By the end of last year there were 2,439 electric and hybrid cars being used, and a further 268 electric vans.
Statistics also revealed that new car sales fell to new lows, down from 2,175 new private cars being registered in 2018 to 1,299 last year.
“When we look at the high-level trends over the last few years, we’re seeing a marked increase in the number of electric and hybrid vehicles being registered in Guernsey,” said Environment & Infrastructure President Deputy Lindsay de Sausmarez.
“This trend is therefore moving in a positive direction in terms of playing our part in addressing climate change and demonstrating that we can meet our international obligations.”
Pictured: Electric vehicles in circulation in Guernsey.
Guernsey introduced a fee for when new or second hand vehicles are first registered on the island in 2015 in a bid to help fund the transport strategy and discourage people from buying more polluting vehicles.
The amount it raises has been falling, from £1,230,230 in 2019 to £956,960.
In response, and with States revenues under pressure, Policy & Resources’s 2023 Budget introduced increases which included the least polluting vehicles for the first time.
"To encourage continued reductions of emissions from transport, the registration duty rates reflect the polluter pays principle. When people are choosing between vehicles, we hope that the relatively small amount of duty for lower emission vehicles will encourage them think carefully about the type of vehicle they choose, when they could opt to pay £50 instead of £1,500,” said Deputy de Sausmarez
Pictured: E&I president Lindsay de Sausmarez.
“Higher duty for more polluting vehicles is just one way to support the shift in consumer trends towards low emission vehicles. It’s encouraging to see that people are switching to electric vehicles for many reasons, whether that’s because they find it more economical or because they want to make a personal effort to reduce their emissions.
“Our committee is tasked with delivering the States’ agreed policies on climate change and the transport strategy and we continue to encourage this transition so that we head in the right direction, and at pace.”
Emissions from road transport have been trending downwards in Guernsey. They peaked in 1997 and have fallen every year since 2009.

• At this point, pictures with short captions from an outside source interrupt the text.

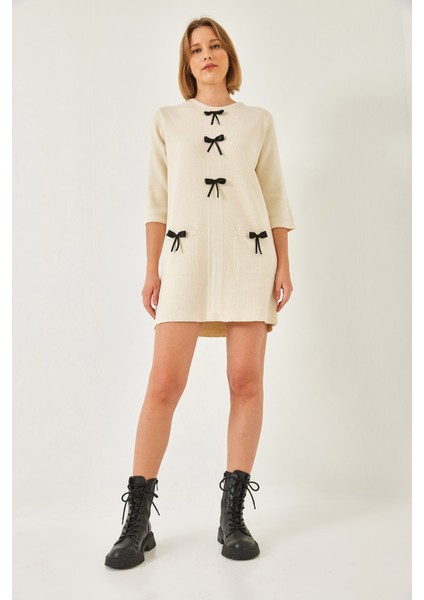 Kadın Fiyonk Detaylı Triko Elbise fiyatları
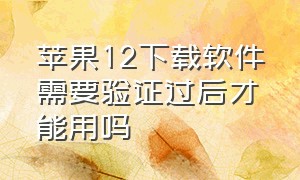 苹果12下载软件需要验证过后才能用吗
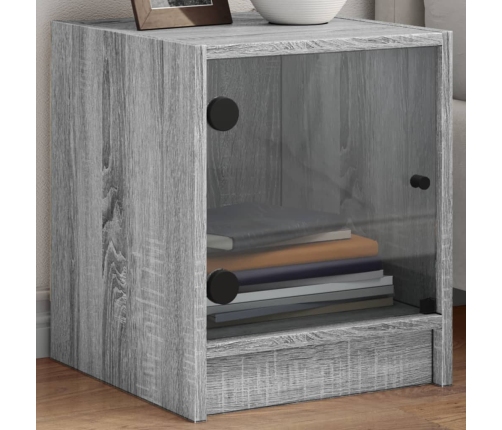 vidaXL Mesitas noche con puertas vidrio 2 uds gris Sonoma 35x37x42 cm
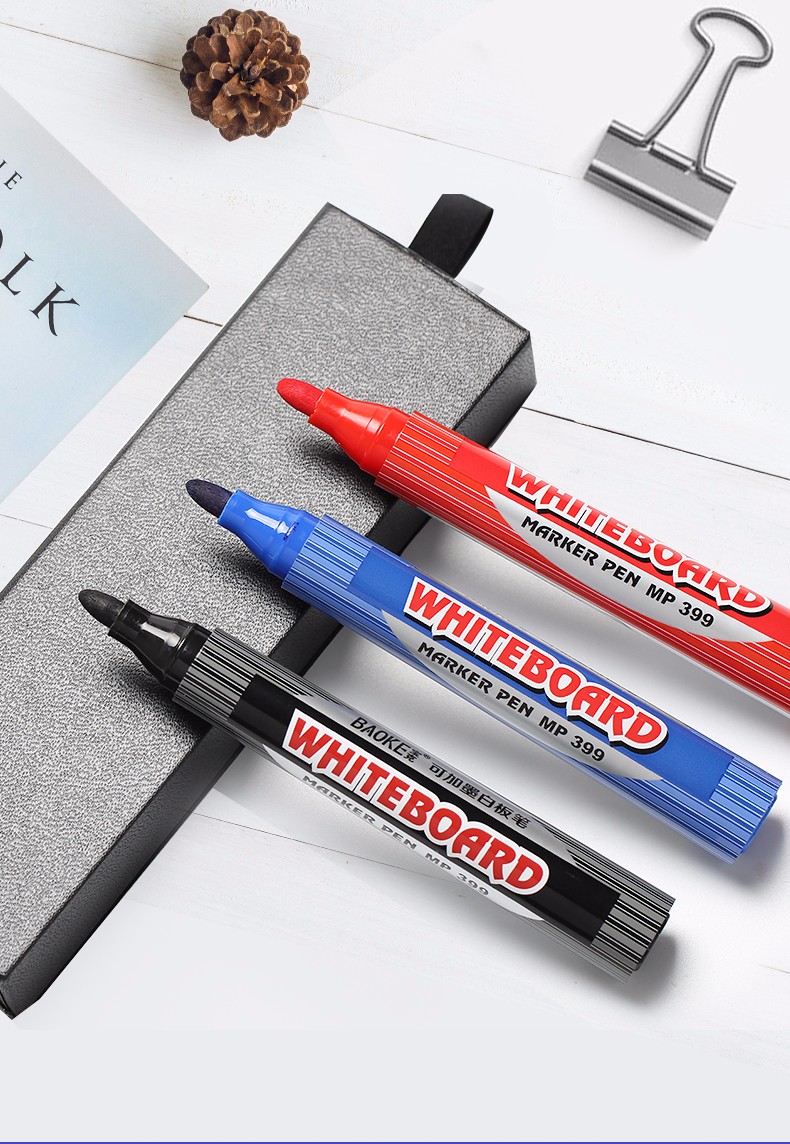 baoke宝克白板笔可灌墨mp399a可擦记号笔水性不易干红色12支装白板擦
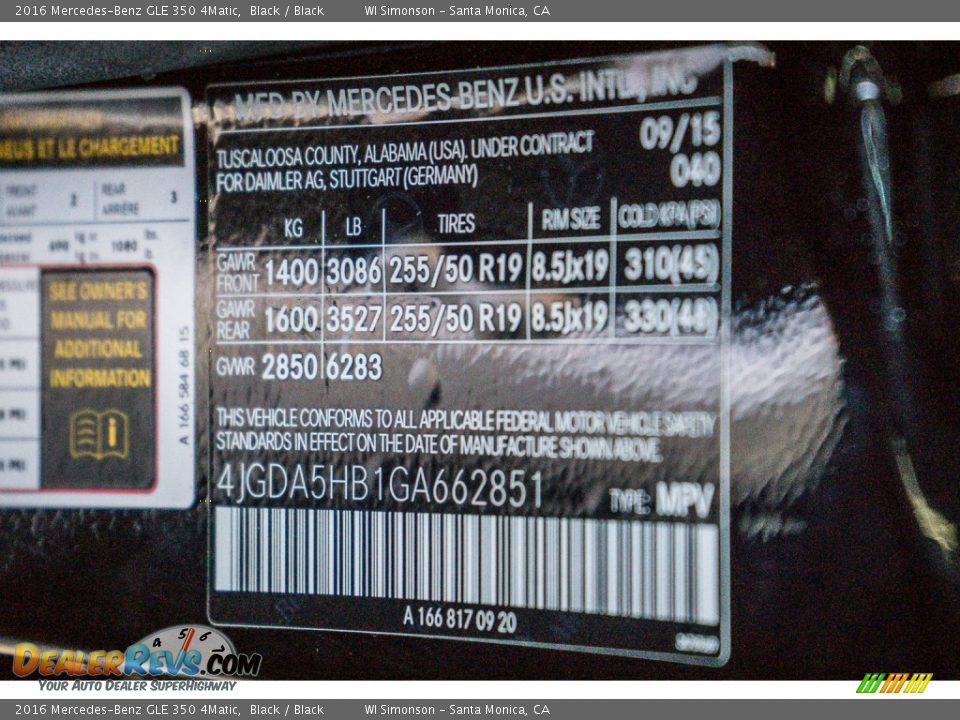 2016 Mercedes-Benz GLE 350 4Matic Black / Black Photo #8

Pictured: Transport emissions.
While the total number of vehicles registered in Guernsey by the end of the year was 88,198, the actual numbers in use is believed to be much lower because there is little incentive to deregister once someone stops using them.
First registration duty is divided into six bands depending on emissions or engine size when they are not available.
For the last three years people have tended to register either the least polluting, band one, or most polluting vehicles, band six.
Band six registrations have risen each year since 2022.
Pictured: New and second-hand vehicle's registered for the first time by duty bands from least to highest polluting.
Guernsey’s car sales trends are mirroring the UK.
There, new car registrations fell last year to their lowest levels in three decades with productions lines being hit by parts shortages. Electric vehicle demand was growing, accounting for almost a fifth of new car sales.